La production agricole, source d’espoir pour les déplacés de Tshikapa

5 septembre 2017 - Depuis le début du conflit dans la région du Kasaï entre les milices du chef coutumier Kamuina Nsapu et les forces de sécurité de l’Etat congolais, on estime à près de 1,4 million le nombre de personnes déplacées internes.

Les familles affectées ont vu leurs greniers et leurs champs brulés détruisant ainsi toutes les récoltes de la saison et rendant l’accès à l’alimentation difficile. Gisèle Tshela, mère de deux enfants, a été forcée de quitter son foyer pour sauver sa vie et celles de ses filles. « J’avais quatre enfants. Seuls deux ont survécu. Quand le conflit a éclaté, la milice nous a chassés du village. »

C’est à cet instant que commence le parcours du combattant de Gisèle. Enceinte de neuf mois, elle ressent de fortes douleurs. « En fuyant, j’ai croisé des gens en chemin. J’ai ressenti des contractions. On m’a aidée à accoucher sur la route. Une jeune fille du camp s’est occupée de ma fille. Moi, je me suis occupée du bébé. On a fait route ensemble jusqu’à arriver à Tshikapa. » 

Après cinq jours de marche dans les brousses du Kasaï, Gisèle atteint la ville de Tshikapa. Elle se rend dans une église où d’autres familles avaient également trouvé refuge.

« Je dormais à même le sol. On partageait le peu de nourriture qu’il y avait. Parfois, on dormait le ventre vide. Je ne pouvais pas rester dans ces conditions.»

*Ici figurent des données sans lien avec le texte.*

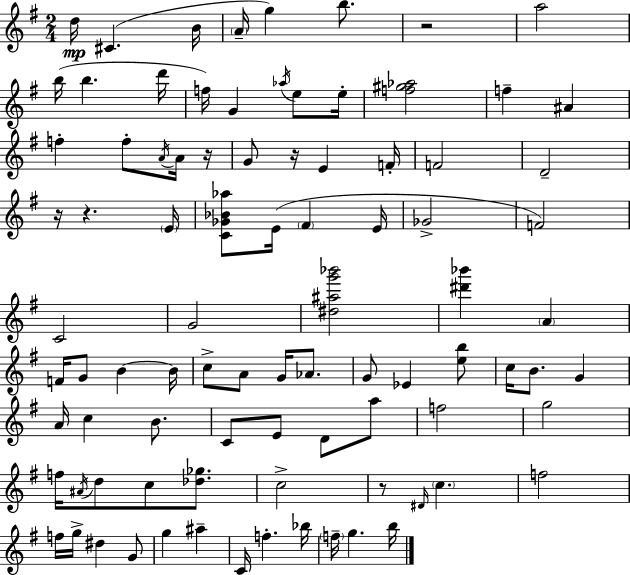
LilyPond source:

{
  \clef treble
  \numericTimeSignature
  \time 2/4
  \key g \major
  d''16\mp cis'4.( b'16 | \parenthesize a'16-- g''4) b''8. | r2 | a''2 | \break b''16( b''4. d'''16 | f''16) g'4 \acciaccatura { aes''16 } e''8 | e''16-. <f'' gis'' aes''>2 | f''4-- ais'4 | \break f''4-. f''8-. \acciaccatura { a'16 } | a'16 r16 g'8 r16 e'4 | f'16-. f'2 | d'2-- | \break r16 r4. | \parenthesize e'16 <c' ges' bes' aes''>8 e'16( \parenthesize fis'4 | e'16 ges'2-> | f'2) | \break c'2 | g'2 | <dis'' ais'' g''' bes'''>2 | <dis''' bes'''>4 \parenthesize a'4 | \break f'16 g'8 b'4~~ | b'16 c''8-> a'8 g'16 aes'8. | g'8 ees'4 | <e'' b''>8 c''16 b'8. g'4 | \break a'16 c''4 b'8. | c'8 e'8 d'8 | a''8 f''2 | g''2 | \break f''16 \acciaccatura { ais'16 } d''8 c''8 | <des'' ges''>8. c''2-> | r8 \grace { dis'16 } \parenthesize c''4. | f''2 | \break f''16 g''16-> dis''4 | g'8 g''4 | ais''4-- c'16 f''4.-. | bes''16 \parenthesize f''16-- g''4. | \break b''16 \bar "|."
}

Environ 2,8 millions de personnes se trouvent en situation de crise alimentaire dans la région du Kasaï. Grâce à un financement du Fonds Central d’intervention d’Urgence (CERF), l'Organisation des Nations Unies pour l'alimentation et l'agriculture (FAO) a pu soutenir 5 000 ménages de personnes déplacées internes. Ces ménages ont reçu des semences et des outils aratoires afin de répondre rapidement à leurs besoins. 

Gisèle est l’une des bénéficiaires de ce projet d’appui d’urgence. «Après avoir reçu une formation en technique agricole, j’ai commencé à cultiver des amarantes, des haricots, des aubergines et des tomates», explique-t-elle. « Ces légumes me permettront d’avoir une alimentation variée. Je compte vendre une partie de ma récolte afin d’acheter de la farine de maïs. Avec cette farine, je pourrai faire de la bouillie pour ma fille de trois ans.»

Sur tous les territoires touchés par le conflit, la majorité de la population n’avait plus cultivé la terre depuis neuf mois. Progressivement, les familles d’accueil et les ménages de déplacés arrivent à augmenter la production agricole. « Le travail aux champs me permet de nourrir mes enfants. Malgré toutes les difficultés que j’ai endurées, je me bats tous les jours pour offrir un meilleur avenir à mes filles », a conclu Gisèle.

L’objectif de ce projet est de permettre aux ménages de personnes déplacées internes de produire suffisamment afin de pouvoir se nourrir. Si aucune assistance ne leur est fournie, ces ménages n’auront pas la capacité de produire pour les mois à venir. La FAO appelle ses partenaires techniques et financiers à mobiliser leurs ressources afin de venir en aide à ces populations.